THE DATA
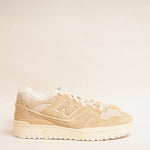 画像をギャラリービューアに読み込む, ALD x NEW BALANCE 550 ベージュ エイメ レオン ドレ×ニューバランス 550 Aimé Leon Dore SNEAKERS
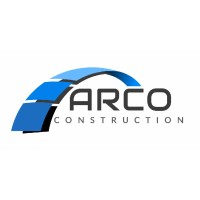ARCO Construction - TX logo - Similar company to Construction Solutions Co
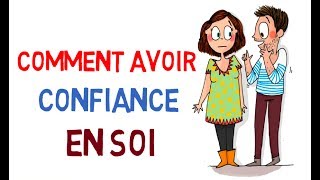 Les six clés de la confiance en soi de Nathaniel Branden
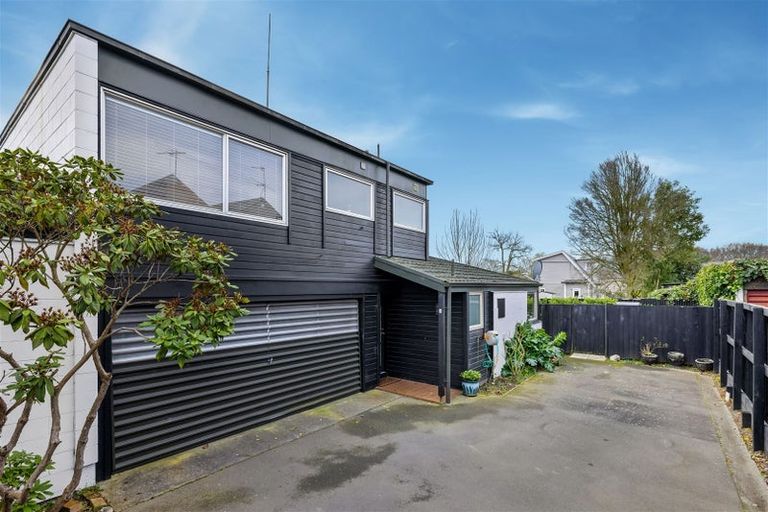 Photo of property in 4/32 Albany Street, St Albans, Christchurch, 8014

EXERCISE OBJECTIVE
Each line from the first line of the listing above through the line containing "Les six clés" is to be written out exactly, and the pictures are to be left out.

EXPECTED OUTPUT
 画像をギャラリービューアに読み込む, ALD x NEW BALANCE 550 ベージュ エイメ レオン ドレ×ニューバランス 550 Aimé Leon Dore SNEAKERS
ARCO Construction - TX logo - Similar company to Construction Solutions Co
 Les six clés de la confiance en soi de Nathaniel Branden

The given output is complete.